Friday, December 07, 2012

Fairy House Display


My employer purchased Fairy House/Garden supplies at the spring show and they arrived just before Christmas.  Most of the tiny furniture was sold already and I wanted to make the display "cuter" so I brought in the fairy house I had made many years ago out of a simple cardboard box, glue, twigs and dry autumn leaves.  The roof is shingled with sugar pine cone "petals".  I got the idea for the house from the elaborate houses at the Brooklyn Botanical Gardens which I saw on Martha Stewart.

The BBG has replicas of famous buildings and landmarks made from plywood and coated with leaves, twigs etc and then coated thickly with resin.  To protect the buildings.  They are arranged on an elaborate landscape with hills and "woods" with many trains running through the "town".  Small trees and shrubs landscape the terrain.  You may be able to search for this on the internet and see it for yourself.  I don't have the time to learn how to insert such a link.  Going to work in minutes.
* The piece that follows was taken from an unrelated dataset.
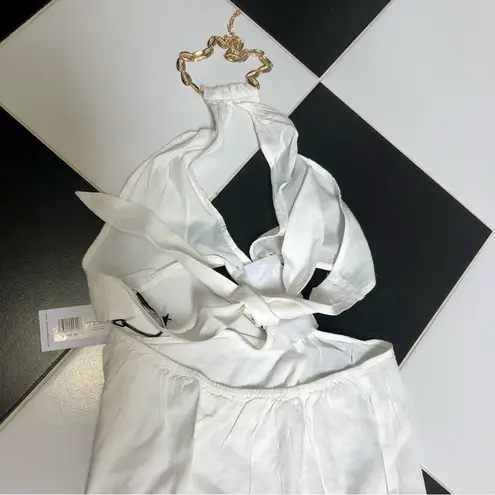 We Wore What NWT Halter Shell Chain Midi Dress Linen White CutOut Beach Pool sz M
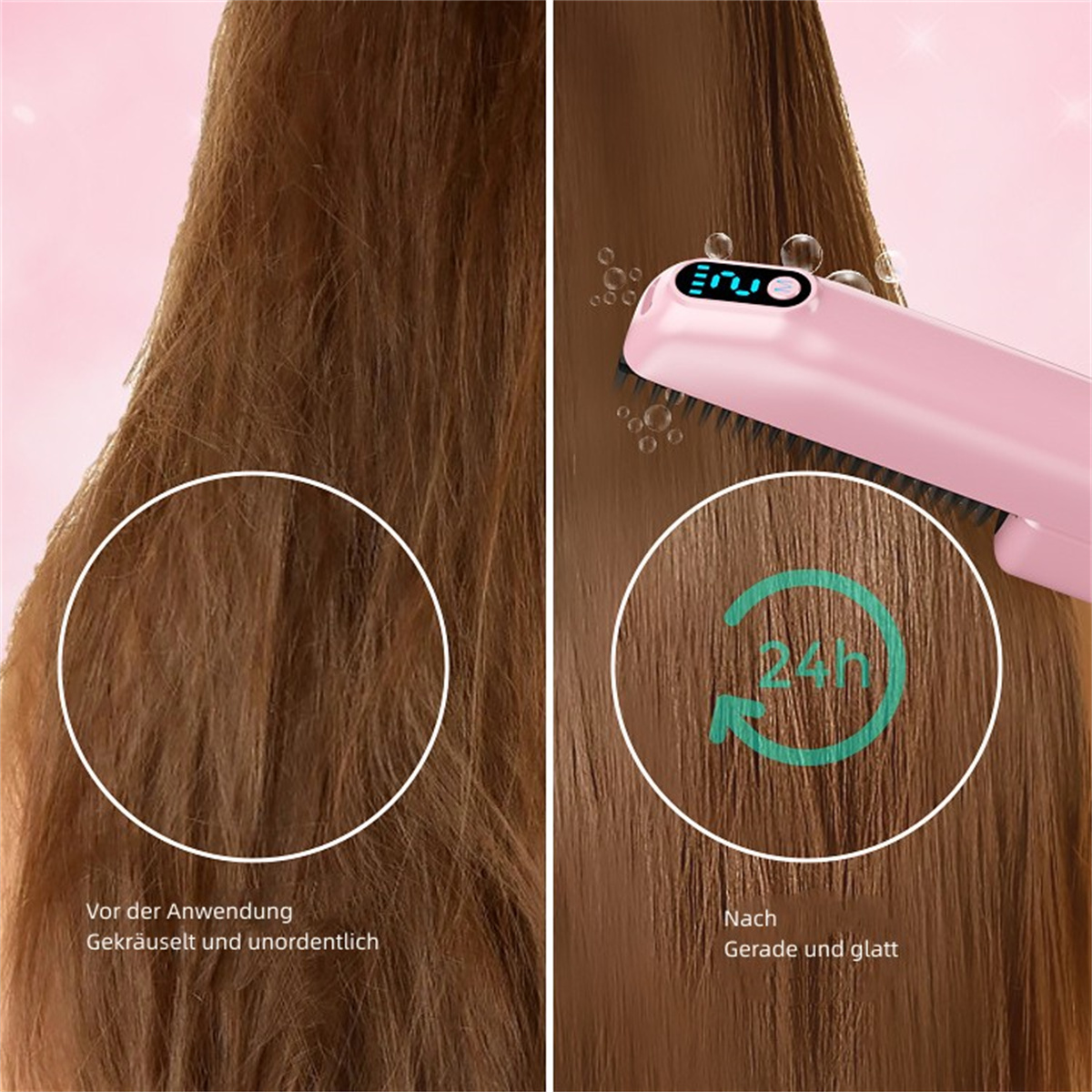 Bild zeigt Haare vor und nach der Verwendung einer Glättungsbürste. Die Bürste ist rosa. Das Haar ist braun.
I wanted to try the idea out on something small and quick before attempting a large building.  I had planned to add a building to the front landscape area of my house (under the mugo pine).  I did manage to provide the children at our Town library with a program where they made fairy houses out of pint cream cartons (which already had a pitched roof) before giving up on this project and starting work on the original Spooky House made out of a cardboard box.  Also, thanks to Martha Stewart.

In fact, I was always talking about creative things I had learned from Martha Stewart that my friends, at the time, expected to arrive at my house to see that I had elaborately stenciled my driveway.  Whenever I would see a MS program where Martha was sewing something (with the iron at hand for pressing seams, I was overcome with desire to sew.  She just made sewing on a sewing machine seem like such a WONDERFUL experience.  Nothing like the experiences I shared with my machine.

I would wander down the hall and look at my machine and ask it "why" it had to be so stubborn.  Broken threads, wads of knots in the bobbin, broken needles, gathered seams when I expected smooth flat ones.  So much anguish.  None of the serene bliss of watching Martha sew seams and make scarves, pillow covers and other lovely things.  I now have an excellent machine and better thread.  The machine and I still have our "moments" when nothing goes right, but I know to walk away.  More often things are lovely when I sew and my Bernina and I are happy.  Not as happy as Martha, but happy.